We mentioned earlier that the MCH features two separate PCIe x8 controllers (see picture above). As in the Intel reference design, one of the controllers is hardwired to the top PCIe slot, the second controller is routed to the IDT PRECISE 89HA0324PS connector switch. The 0324 part number means that the switch multiplies an 8 lane input into three outputs for a combined 24 lanes connectivity or 12 GBps aggregate switching throughput. That means that the 8 lanes are either going to the upper slot where they are combined with the first PCIe x8 link from the MCH to x16 connectivity, or else they are routed to the second and fourth slot. Keep in mind that in this case, all three slots will vie for the arbitration similar as in an old-fashioned PCI interrupt scenario where only one slot can be active at any time. The result is two connectivity scenarios, namely:
| Top Slot (blue) | 2nd Slot (black) | 3rd Slot (white) | 4th Slot (black) |
| x16 | x0 | x4 | x0 |
| x16* | x8* | x4 | x8* |
Unfortunately, the single-slot spacing makes it extremely difficult to find any current even midrange graphics cards that could populate all four slots, the heatspreaders are simply in the way. Two cards are still manageable, even in adjacent slots, since they will bend enough to fit. With three cards, things get really hairy, we tried two ASUS n7800GTs with one adjacent nVidia QuadroFX 1400 with the result that the heatsink on the lower n7800GT shorted the surface components on the Quadro FX1400's upper face.

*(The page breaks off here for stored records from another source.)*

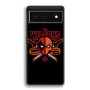 Death Stroke 6 Google Pixel 6 | Google Pixel 6a | Google Pixel 6 Pro Case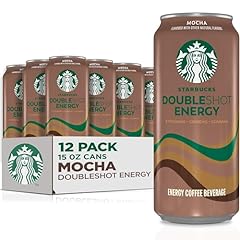 Starbucks doubleshot energy for sale  Delivered anywhere in USA 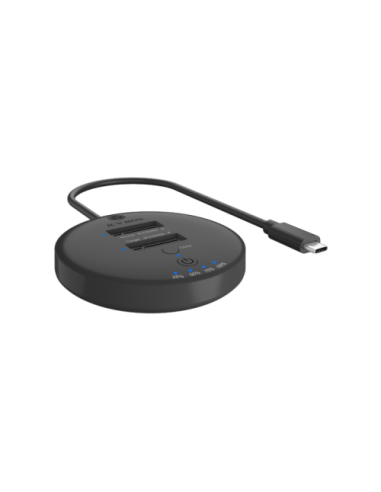 Postaja za diske IcyBox IB-1612MCL-C31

Granted, this is not always going to be an issue but we thought it would be worth mentioning just as a precautionary measure. Also, for the record, we caught the issue before reconnecting the system to power, so no damage was done. One solution is, of course, to use slots 1,2 and 4 only but that may defy the purpose of the board.
Related to the restricted space is the issue of reaching the locking latch. In the case of the lowest slot, once the system was in the case, it was impossible to reach it at all - the quick and dirty solution was to break off the lever altogether (accidentally but unavoidable). Even the locks for slots 2 and 3 are barely reachable with cards mounted and in the least case require removal of the lower cards in order to gain access.